Preface
Game development is a broad and complex task. It is an interdisciplinary field, covering subjects as diverse as artificial intelligence, character animation, digital painting, and sound editing. All these areas of knowledge can materialize as the production of hundreds (or thousands!) of multimedia and data assets. A special software application—the game engine—is required to consolidate all these assets into a single product. Game engines are specialized pieces of software, which used to belong to an esoteric domain. They were expensive, inflexible, and extremely complicated to use. They were for big studios or hardcore programmers only. Then, along came Unity.
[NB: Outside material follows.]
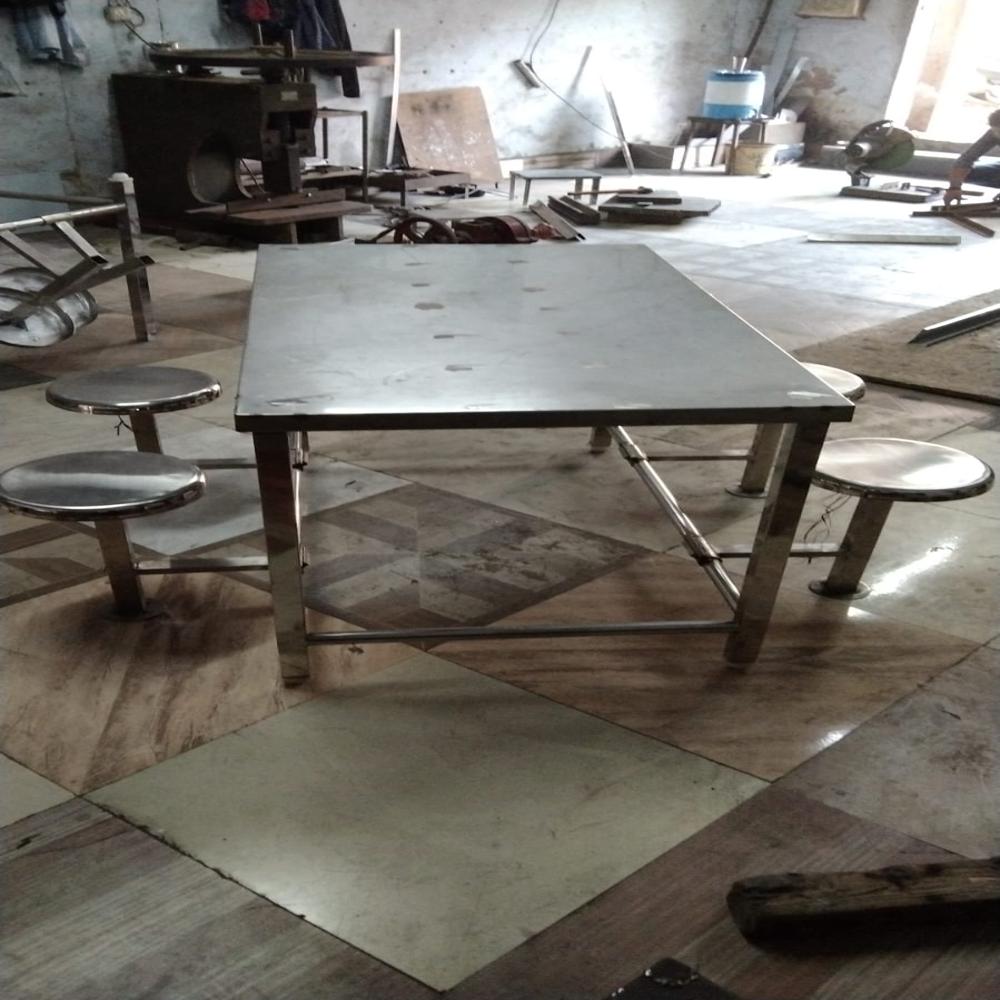 Stainless Steel Four Sitting Table - Color: Silver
Unity represents the true democratization of game development. It is an engine and multimedia editing environment that is user-friendly and versatile. It has free and Pro versions; the latter includes even more features. Unity offers deployment to many platforms, including the following:
- Mobile: Android, iOS and Windows Phone
- Web: WebGL (and WebXR)
- Desktop: PC, Mac, and Linux platforms
- Console: Nintendo Switch, PS5/4/3, Xbox SeriesX/One/360, PlayStation Mobile, PlayStation Vita, and Wii U
- Virtual Reality (VR)/Augmented Reality (AR): Oculus Quest/2/3/Pro and Rift, Samsung Gear VR, HTC Vive Focus, Google Daydream, Microsoft Hololens, and the Apple Vision Pro
Today, Unity is used by a diverse community of developers all around the world. Some are students and hobbyists, but many are commercial organizations, ranging from garage developers to international studios, who use Unity to make a huge number of games—you might have already played some on one platform or another.
This book provides over 150 Unity game development recipes. Some recipes demonstrate Unity application techniques for multimedia features, including working with animations and using preinstalled package systems. Other recipes develop game components with C# scripts, ranging from working with data structures and data file manipulation to artificial intelligence algorithms for computer-controlled characters.
If you want to develop quality games in an organized and straightforward way, and you want to learn how to create useful game components and solve common problems, then both Unity and this book are for you.